_The task_
Of the entries below, restate word for word only the section that runs from the line with "17001 Collins Ave" to the line with "Gouesnach (29950) GOUESNACH", counting both ends.

· · ·

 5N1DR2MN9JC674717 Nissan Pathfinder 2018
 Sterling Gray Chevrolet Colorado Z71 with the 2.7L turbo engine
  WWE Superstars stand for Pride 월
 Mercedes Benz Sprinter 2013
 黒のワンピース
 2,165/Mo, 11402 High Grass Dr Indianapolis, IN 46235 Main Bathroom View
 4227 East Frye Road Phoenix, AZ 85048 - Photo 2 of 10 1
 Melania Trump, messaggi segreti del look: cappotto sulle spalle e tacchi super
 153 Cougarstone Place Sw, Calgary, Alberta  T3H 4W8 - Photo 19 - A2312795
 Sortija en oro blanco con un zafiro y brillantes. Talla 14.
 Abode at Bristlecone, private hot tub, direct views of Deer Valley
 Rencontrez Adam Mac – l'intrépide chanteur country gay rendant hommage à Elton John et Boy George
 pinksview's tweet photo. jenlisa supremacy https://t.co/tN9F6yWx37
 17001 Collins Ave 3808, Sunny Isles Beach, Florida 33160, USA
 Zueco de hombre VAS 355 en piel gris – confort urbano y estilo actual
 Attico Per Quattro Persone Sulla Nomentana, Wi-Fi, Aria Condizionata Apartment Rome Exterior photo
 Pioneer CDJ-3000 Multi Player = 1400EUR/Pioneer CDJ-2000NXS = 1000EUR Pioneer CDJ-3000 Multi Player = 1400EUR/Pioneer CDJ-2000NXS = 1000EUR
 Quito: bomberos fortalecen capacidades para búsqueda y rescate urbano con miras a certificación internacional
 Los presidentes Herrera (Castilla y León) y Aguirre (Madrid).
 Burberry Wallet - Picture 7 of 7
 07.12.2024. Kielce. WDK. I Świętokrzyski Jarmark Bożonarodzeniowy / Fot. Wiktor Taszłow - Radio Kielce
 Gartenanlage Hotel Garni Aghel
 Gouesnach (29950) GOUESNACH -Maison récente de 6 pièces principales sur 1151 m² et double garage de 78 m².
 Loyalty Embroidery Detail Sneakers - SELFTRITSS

· · ·

_Response_
 17001 Collins Ave 3808, Sunny Isles Beach, Florida 33160, USA
 Zueco de hombre VAS 355 en piel gris – confort urbano y estilo actual
 Attico Per Quattro Persone Sulla Nomentana, Wi-Fi, Aria Condizionata Apartment Rome Exterior photo
 Pioneer CDJ-3000 Multi Player = 1400EUR/Pioneer CDJ-2000NXS = 1000EUR Pioneer CDJ-3000 Multi Player = 1400EUR/Pioneer CDJ-2000NXS = 1000EUR
 Quito: bomberos fortalecen capacidades para búsqueda y rescate urbano con miras a certificación internacional
 Los presidentes Herrera (Castilla y León) y Aguirre (Madrid).
 Burberry Wallet - Picture 7 of 7
 07.12.2024. Kielce. WDK. I Świętokrzyski Jarmark Bożonarodzeniowy / Fot. Wiktor Taszłow - Radio Kielce
 Gartenanlage Hotel Garni Aghel
 Gouesnach (29950) GOUESNACH -Maison récente de 6 pièces principales sur 1151 m² et double garage de 78 m².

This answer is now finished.